I read of Hotzel's expedition in the newspaper and
contacted him, offering to contribute to his effort.
Unfortunately, his search team was beat out by terrible
weather and they accomplished very little. We've maintained
close correspondence and Hotzel intends to try again.
His story of the expedition follows.
As of this writing (2-11-88) Mallory and Irvine remain
buried somewhere on the icy slopes of Everest.
Mallory & Irvine--The Search Continues by Tom Holzel
617 263-1122 Of forty-two Himalayan expeditions setting
out to conquer Himalayan summits this autumn, none of
them succeeded. We were no exception. Pinned down in
our tents by furious winds, the hard won tracks of the
previous days' route filled in by nightly snowfalls,
the expedition members were slowly worn down by exhaustion,
high altitude deterioration and, eventually by the sheer
cold, but we scored several small victories.
Post-monsoon (Autumn) expeditions to Mt. Everest all
follow a simple plan--a plan simple to describe, that
is. The climbers try to stock an intermediate "Advance
Base Camp" (ABC) as fully as possible. Advance
Base Camps are situated as high up the mountain as possible,
but before the climbing becomes too difficult, or "technical",
i.e., requiring ropes to climb. Then, in an anticipated
seasonal 10-day window of calm, clear weather, the climbers
attempt their rush to the summit.
We followed this plan to the letter, stocking our camp
three (C3) with 15 pitched tents, oxygen, ropes, food,
fuel and a powerful team of strong, young climbers.
While we were right on schedule, Mother Nature failed
to follow hers. The 10-day window never arrived. Even
so, the climbers repeatedly broke trail over the same
route in order to stock C-4 and C-5 at 23,000 and 25,
300ft, but it was not to be.
Once stocked, climbers never again were able to reach
C-5. It was during an effort to regain our high point
that 4 Sherpas became stranded at C-4 for two nights
of harrowing storms. At the first sign of clear weather,
they aborted their attempt and began a descent. Although
the exact cause of the avalanche is not entirely clear,
it seems likely that a Sherpa higher up on an 150-ft
long rope started an avalanche that ripped loose his
companion lower down. The sliding Sherpa fell over a
60-ft cliff. His impact created a second avalanche of
large, hard snow blocks. The pummeling of these blocks,
added to by the oxygen bottle in his pack probably broke
his neck, the likely cause of his death.
Our primary goal was to reach the 27,000-ft snow terrace
where we hoped to discover the body of an "English
dead" sighted by a Chinese climber in 1975, and
reported to a Japanese climber in 1979. The day after
the report, the Chinese discoverer died in an avalanche
on the same North Col headwall that killed our Sherpa.
Because of the description given of the body and its
location, it could only be that of Mallory or Irvine,
two British climbers who disappeared on Mt.

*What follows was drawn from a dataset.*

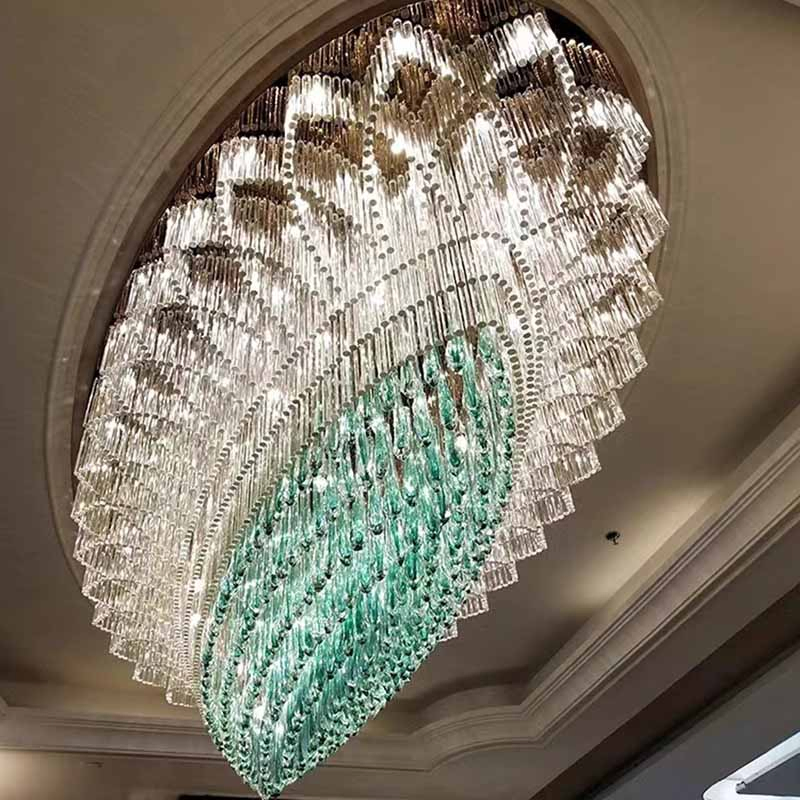 High Quality Post-Modern Villa House Hold Stand Wedding Decor Chrome and crystal Modern Luxury Iron OEM ODM Service Chandelier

Everest
in 1924. We hoped the cameras both climbers were known
to be carrying would answer the 62-year old mystery
of whether or not the two climbers reached the top before
they perished.
A second major goal was to search the top of the Second
Step cliff. Here we had hoped to find their empty oxygen
cylinders to confirm that the two climbers did indeed
get that high, and so probably did reach the summit
some three hours farther up, but if we failed to reach
these two major goals, was the expedition a failure?
Strangely not, for the Search for Mallory & Irvine
has taken place on many levels. It was on the literary
level that we discovered facts suggesting that Mallory
& Irvine had a much greater chance of having reached
the summit than their contemporaries were willing to
give them credit for. Here too we discovered the powerful
British prejudice against the use of oxygen breathing
equipment, and how this sentiment would doom the subsequent
pre-WW II expeditions to failure.
Our search has also taken place on the eyewitness level.

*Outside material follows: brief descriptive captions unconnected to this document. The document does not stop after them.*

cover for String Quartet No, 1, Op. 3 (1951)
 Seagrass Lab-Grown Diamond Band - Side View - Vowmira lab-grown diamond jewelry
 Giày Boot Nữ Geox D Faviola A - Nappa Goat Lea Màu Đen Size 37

Here like so many others, we interviewed the two still-living
1924 expedition members. But their testimony equivocal
has been around for a long time. The most galvanizing
eyewitness testimony has been that of Chinese climber
Wang Hung bao. It is a report that, like nearly every
aspect of the Mallory & Irvine episode, has engendered
heated controversy. Most damaging, the Chinese Mountaineering
Association was caught completely off guard by the report,
a report made by one of its own members to the Climbing
Leader of a Japanese Everest expedition, Ryoten Hasagawa.
More incredible, still, is that Wang died in an avalanche
the day after telling his story to the Japanese climber!

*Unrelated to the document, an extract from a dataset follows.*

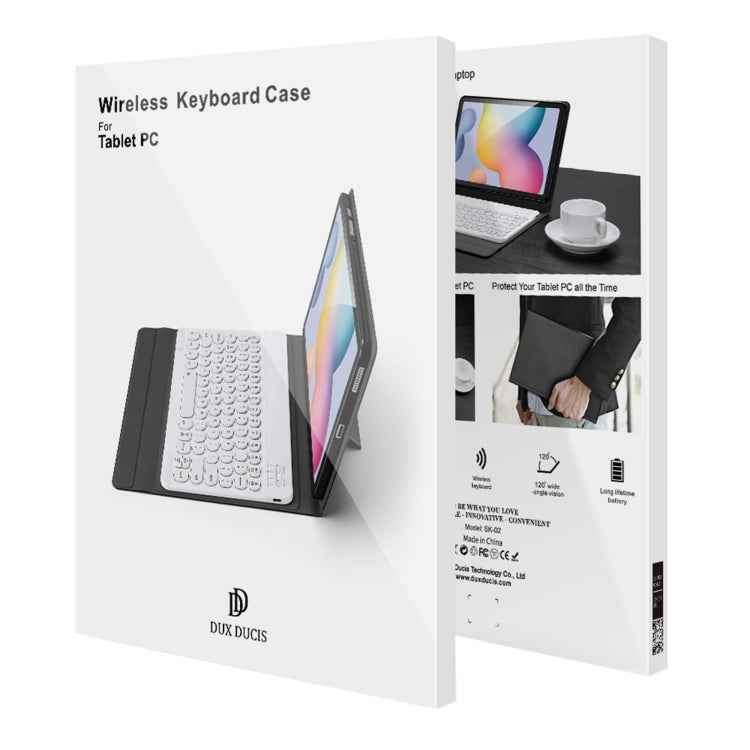 DUX DUCIS Detachable Bluetooth Keyboard Ultrathin Flip Leather Tablet Case for Samsung Galaxy Tab S8 (X700/X706) / S7 (T870/T875/T876B)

Wang described in detail finding a body at 8100m (27,000
ft) dressed in old-fashioned clothing that "danced
in the wind" when touched. The corpse had a hole
in one cheek. Wang claimed to have discovered the body
during his participation in the very large, and very
successful Chinese Everest expedition of 1975.
The report was immediately attacked by older British
climbers as a delusion, confusion or a fraud, as they
have reflexively attacked every aspect of the Mallory
& Irvine episode that might put the two climbers
on top. But we were convinced by Wang's story that the
body (and camera) of either Mallory or Irvine lay on
the 8100m snow terrace and, given reasonable weather,
that we could search for it and find it.
When we questioned our Chinese Liaison Officer assigned
to the expedition, Mr. Song Zhiyi, (who was a member
of the Chinese expedition of 1975) he admitted he knew
the story well. And he denied its authenticity vigorously.
But his was a reflexive denial, too, and simply reflected
the official view of the Chinese Mountaineering Association.
After many discussions over the months at Base Camp,
Song came around to admitting the faint possibility
that Wang may have found an English body. After all,
he agreed, how could a relative simple man, as Hasagawa
and Song had both described him, dream up so complex
a plot--and be so precisely correct as to the location
the body should be found? Its location reported in 1980
was precisely where I had predicted, in 1971, the body
of Andrew Irvine should lie. Given the still insular
conditions in China in 1980, it was a prediction Wang
could not conceivably have learned about.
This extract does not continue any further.